» **WORK ORDER**: Emit the data below verbatim, stripping out any pictures.

» **EXERCISE DATA**:

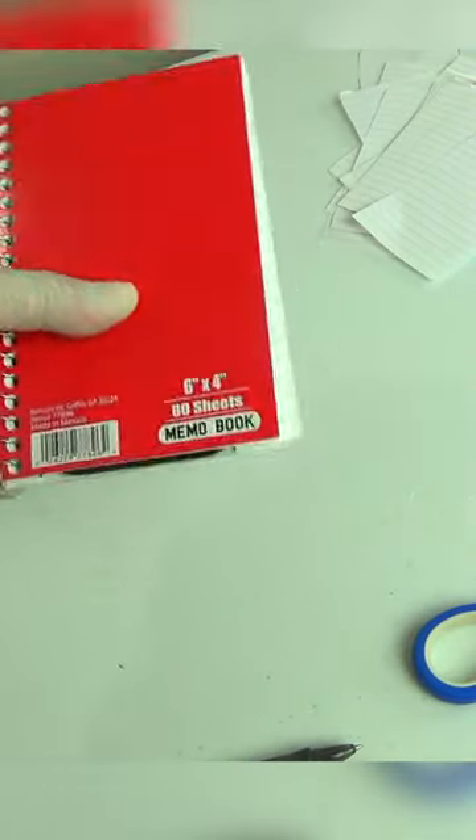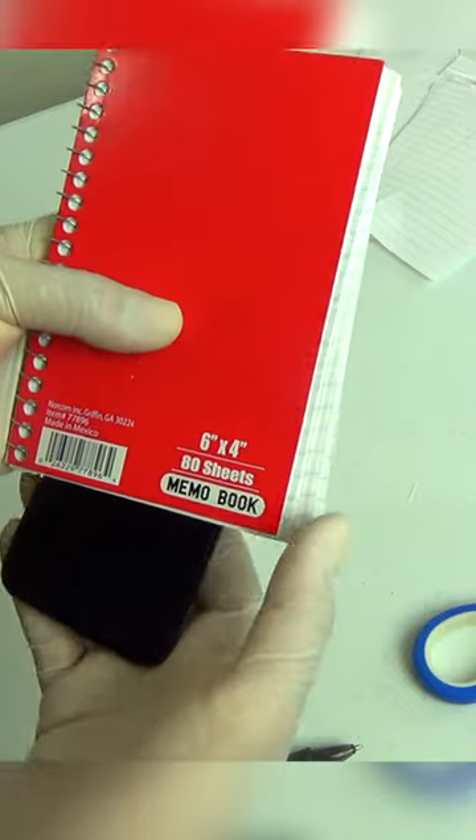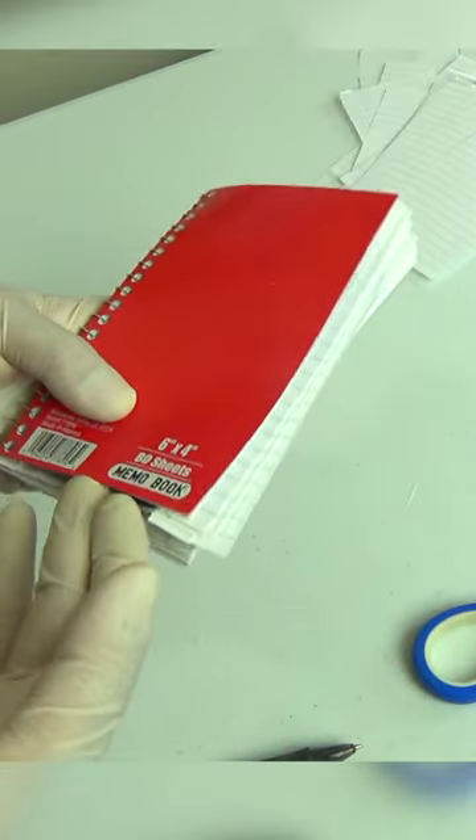By pressing on the cover I can keep my phone in place, then I just release and have my phone slide out. It slides back in when I need to hide it. For more hacks like these, make sure to follow me.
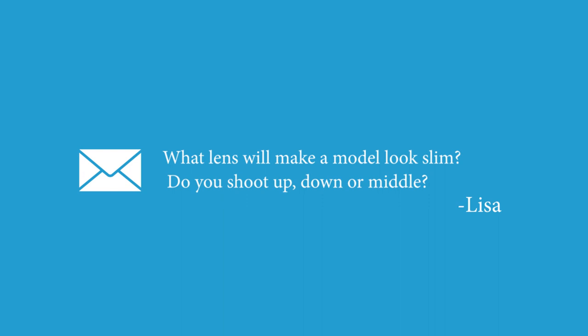Lisa Michele asked, what lens do I use to make the models look taller? That's an interesting question. When I'm using what I would consider a normal digital body, if I go as wide as a 35mm lens, it will make things look longer and taller by extension. The problem with a 35mm lens is as you move closer to your subject, you could distort their face and features. So there's a balance that you have to find. I find that 35mm is very good for full length.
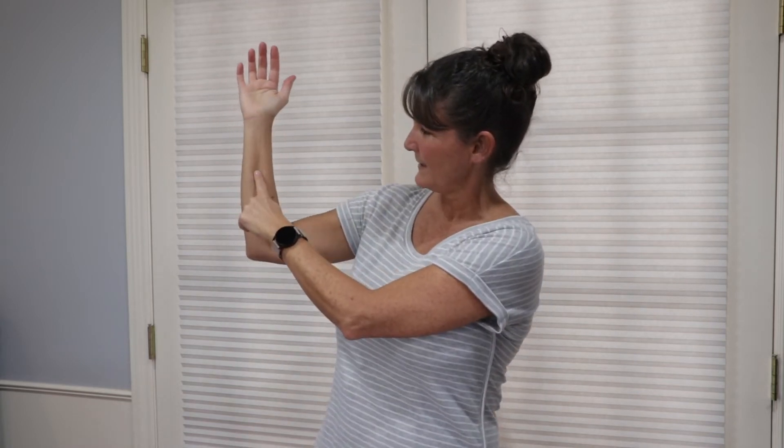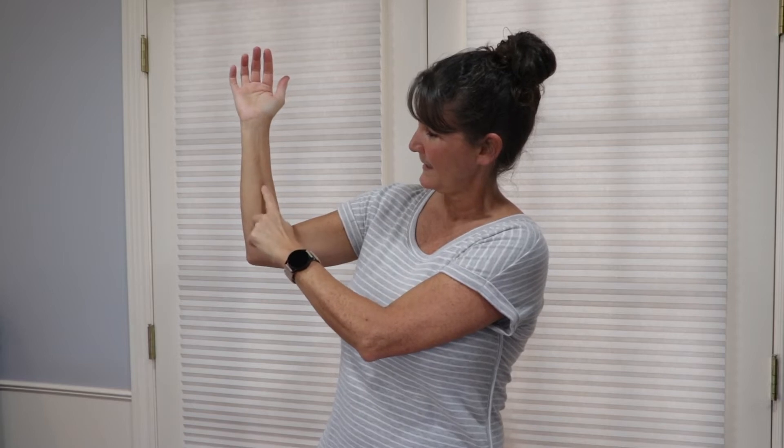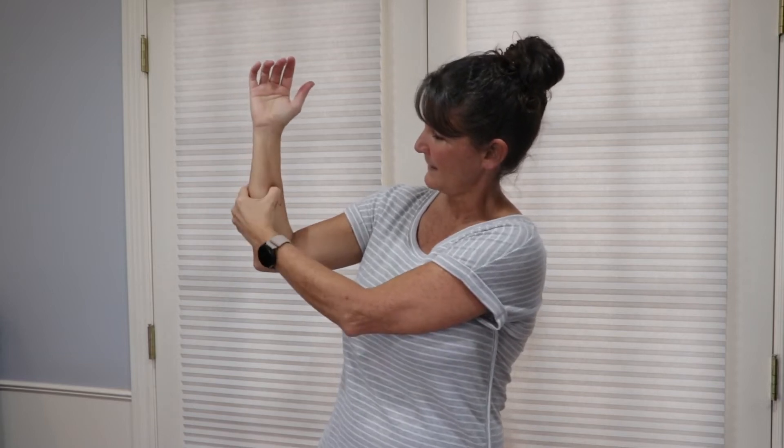You can massage that in a circular motion, or just hold the pressure for one to three minutes. Then you're going to do the same on the other side — halfway down your arm, maybe about another inch, toward your thumb side, just on the other side of your radius bone. Massage that point in a circular motion or hold it.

» **RESPONSE FOR THIS EXERCISE**:
By pressing on the cover I can keep my phone in place, then I just release and have my phone slide out. It slides back in when I need to hide it. For more hacks like these, make sure to follow me.
Lisa Michele asked, what lens do I use to make the models look taller? That's an interesting question. When I'm using what I would consider a normal digital body, if I go as wide as a 35mm lens, it will make things look longer and taller by extension. The problem with a 35mm lens is as you move closer to your subject, you could distort their face and features. So there's a balance that you have to find. I find that 35mm is very good for full length.
You can massage that in a circular motion, or just hold the pressure for one to three minutes. Then you're going to do the same on the other side — halfway down your arm, maybe about another inch, toward your thumb side, just on the other side of your radius bone. Massage that point in a circular motion or hold it.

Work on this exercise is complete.